We first indicate the following lemmas which are essential for developing our paper.

Lemma 2.1. ([7, Proposition 1.3] Let R be a ring, P is a prime ideal of R. If R admits a generalized derivation F with associated derivation d satisfying [x,F(x)]∈P for all x ∈ R, then either R/P is a commutative integral domain or d(R)⊆P.

Lemma 2.2. ([7, Lemma 1.3]) Let R be a ring and P be a prime ideal of R, If

• (i)[x,y]∈ P

• (ii) x◦ y∈ P

for all x,y ∈ R, then R/P is a commutative integral domain.

The following result is a generalization of [5, Lemma 1].

Theorem 2.3. Let R be a ring, P be a prime ideal of R. If R admits generalized derivations F and G with associated derivations d and g respectively satisfying F(x)x±xG(x)∈P for all x∈ R, then either g(R)⊆P or R/P is a commutative integral domain.

proof Assume that

(2.1)F(x)x−xG(x)∈P

for all x∈ R. By linearizing (2.1), we have

(2.2)F(x)y+F(y)x−xG(y)−yG(x)∈P

for all x,y∈ R. Replacing y by yx in (2.2), we get

(2.3)F(x)yx+F(y)x2+yd(x)x−xG(y)x−xyg(x)−yxG(x)∈P

for all x,y∈ R. Right multiplying (2.2) by x, we obtain

(2.4)F(x)yx+F(y)x2−xG(y)x−yG(x)x∈P

for all x,y ∈ R. Subtracting (2.4) from (2.3), this gives

(2.5)yd(x)x−xyg(x)−yxG(x)+yG(x)x∈P

for all x,y∈ R. Putting ry instead of y in (2.5), where r ∈ R, we have

(2.6)ryd(x)x−xryg(x)−ryxG(x)+ryG(x)x∈P

for all x,y,r∈ R. Left multiplying (2.5) by x, we get

(2.7)ryd(x)x−rxyg(x)−ryxG(x)+ryG(x)x∈P

for all x,y,r∈R. Comparing (2.6) and (2.7), we obtain [x,r]yg(x)∈P that is [x,r]Rg(x)⊆P. Since P is a prime ideal of R, we get [x,r]∈ P or g(x)∈ P, which implies that I={x∈R | [x,r]∈P} and J={x∈R | g(x)∈P}. But a group cannot be written as the union of two of its proper subgroups then I=R in which case R/P is a commutative integral domain by lemma 2.2 (i) or J=R in this case g(R)⊆P. This completes the proof of the Theorem.

Suppose that F(x)x+xG(x)∈P for all x, y ∈ R, then using the similar arguments as in the above with suitable slight modification, we get the required result.

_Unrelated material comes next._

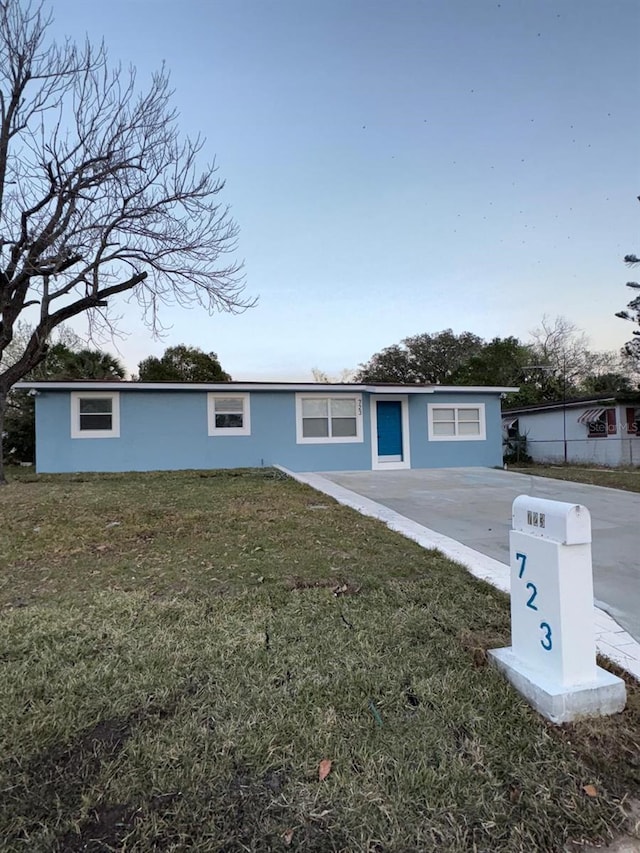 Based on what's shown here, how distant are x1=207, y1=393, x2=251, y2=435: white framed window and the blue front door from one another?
3944 millimetres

Corollary 2.4. ([5, Lemma1]) Let R be a ring, P be a prime ideal of R and d and g are derivations. If d(x)x±xg(x)∈P for all x∈ R, then either g(R)⊆P or R/P is a commutative integral domain.

The following result extends [5, Theorem 1 (2)] to its full generalization.

Theorem 2.5. Let R be a ring and P be a prime ideal of R. If R admits generalized derivations F and G with associated derivations d and g respectively satisfying F(x)G(y)±[x,y]∈P for all x,y∈ R, then R/P is a commutative integral domain.

Proof. By our hypothesis, we have

(2.8)F(x)G(y)+[x,y]∈P

for all x,y ∈ R. Replacing y by yt in (2.1) and using it, where t ∈ R, we have

(2.9)F(x)yg(t)+y[x,t]∈P

for all x,y,t ∈ R. Putting t=x in (2.2), we get F(x)yg(x)∈P, that is F(x)Rg(x)⊆P. Since P is a prime ideal of R, then F(x)∈P or g(x)∈P, which implies that I={x∈R | F(x)∈P} and J={x∈R | g(x)∈P}. Since a group cannot be the union of its two proper subgroups (abbreviated as Brauer's Trick) either I=R or J=R. If I=R then F(R)⊐ P and by using last relation in (2.1), we obtain [x,y]∈ P this implies that R/P is a commutative integral domain. If J=R, then

(2.10)g(R)⊆P.

By using (2.3) in (2.2), gives y[x,t]∈ P and since P≠ R, then [x,t]∈ P, this implies that R/P is a commutative integral domain.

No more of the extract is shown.